NOTE: I found this awesome piece of fan art on DeviantART, but I can't remember the name of the artist. If this is your work, let me know and I'll give you credit.

I told you I had a thing for anthologies. I actually plan on covering another anthology in the coming weeks, but I wouldn't want to get ahead of myself, now would I? Concentrate, Dom...concentrate! Dr. Terror's House of Horrors is an Amicus film from 1965. I extol this studio's syllabus whenever the opportunity presents itself. Amicus was distinct for two reasons. For starters, they were seen as a low-rent Hammer, and while the two frightful foundries could be considered not-so-distant cousins, it would be an affront to label Amicus a poor man's anything. Granted, the budgets were spasmodically skimpy, but the movies themselves were nothing to scoff at. The proof lies in high-caliber creepers such as Asylum, The Skull and my personal favorite, The House That Dripped Blood.

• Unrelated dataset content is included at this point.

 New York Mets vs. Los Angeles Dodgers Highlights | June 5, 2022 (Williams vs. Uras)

Amicus was also notorious for specializing in anthologies. Up until last night, Dr. Terror was the lone spine-tingler that had escaped me. I did catch the first ten minutes on television years ago. If you've happened to view it on the boob tube, it was probably on AMC (back when Monsterfest was dignified). And the print was probably a smirched salmagundi of obscene proportions. Regrettably, this flick has never been given deluxe DVD treatment, and if any antiquated genre prize needs to be remastered, it's this one. Even the cut on Netflix Instant Streaming looks like a washed out VHS copy. 'Tis a shame, as this is a first-rate reel that deserves to be culled from the arbitrary gulf of obscurity.

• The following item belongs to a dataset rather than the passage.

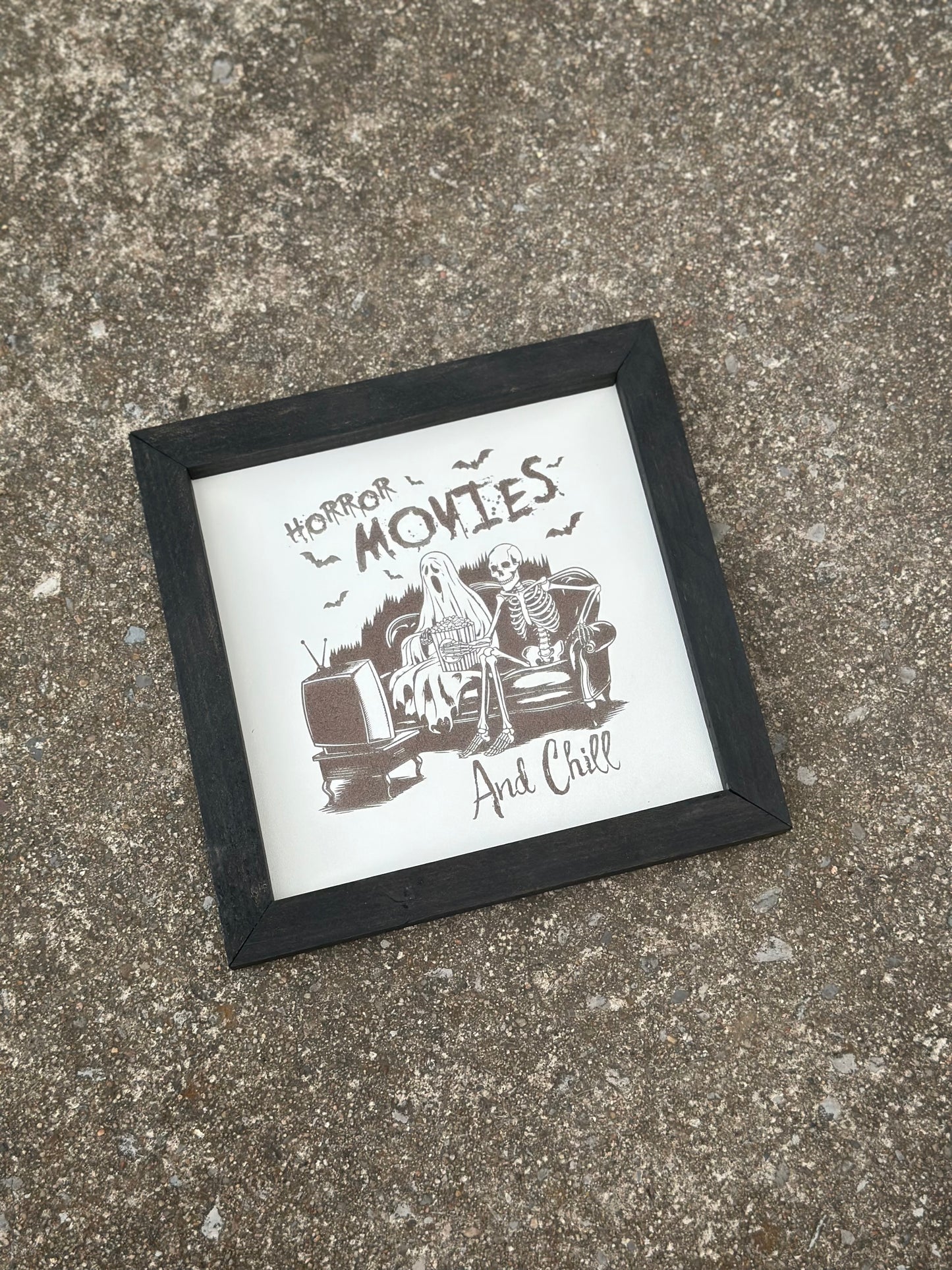 Funny Halloween plaques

Peter Cushing plays Dr. Shreck (a.k.a. Dr. Terror), a brooding metaphysicist who joins a group of strangers on a train. One of the passengers strikes up a conversation with the strange bloke. He notices a deck of tarot cards, which Shreck facetiously refers to as his "house of horrors." He goads each gentleman into tapping the deck three times. According to Dr. Terror, the cards dealt map out the destiny of the ill-omened soul unlucky enough to tap them. We get a glimpse into the future and we see what it holds for these five characters. The vignettes embroil werewolves, vampires, flagitious sprouts (at one point, a dog is killed by roaming vines...!), a voodoo ceremony and a disembodied hand (this segment is entitled "Disembodied Hand").

Aside from the weakest story, none of the plots are particularly original. Dr. Terror doesn't bring fresh ingredients to the table. I guess I should expound on the weakest story. In an effort to infuse the script with fair-tempered comedy, the middle chestnut of doom-laden prescience finds a musician vacationing on some remote island. He walks in on a voodoo ritual, and like most people, his first instinct is to jot down the notes that the African war tribe is playing. In essence, he steals their song. It's a standard tale of just desserts, only the central figure doesn't die. He merely learns his lesson. Boring! That prick wouldn't evade persecution in Creepshow; that's for goddamn sure.

A whole paragraph of disapproval, yet I claim to delight in Dr. Terror. What can I say? It's easier to rant. However, I had fun with this straightforward omnibus picture. It's atmospheric and paced to perfection. The cast is teeming with disciplined veterans (Christopher Lee and Michael Gough both appear in "Disembodied Hand"). There are a couple of noteworthy scenes that are guaranteed to stick to your ribs. For instance, I don't know of any other film that features a werewolf climbing out of a coffin. Moreover, the twist ending of "Vampire" put a serene smirk on my face. I kept vacillating on what rating to ascribe to Dr. Terror's House of Horrors, but when it comes down to it, the rating isn't quite as important as the thrust of the review. The thrust of this review reads as follows...

I dug it.

1 comment:

  1. I dug it as well. The House That Dripped Blood is killer though. Great review as usual!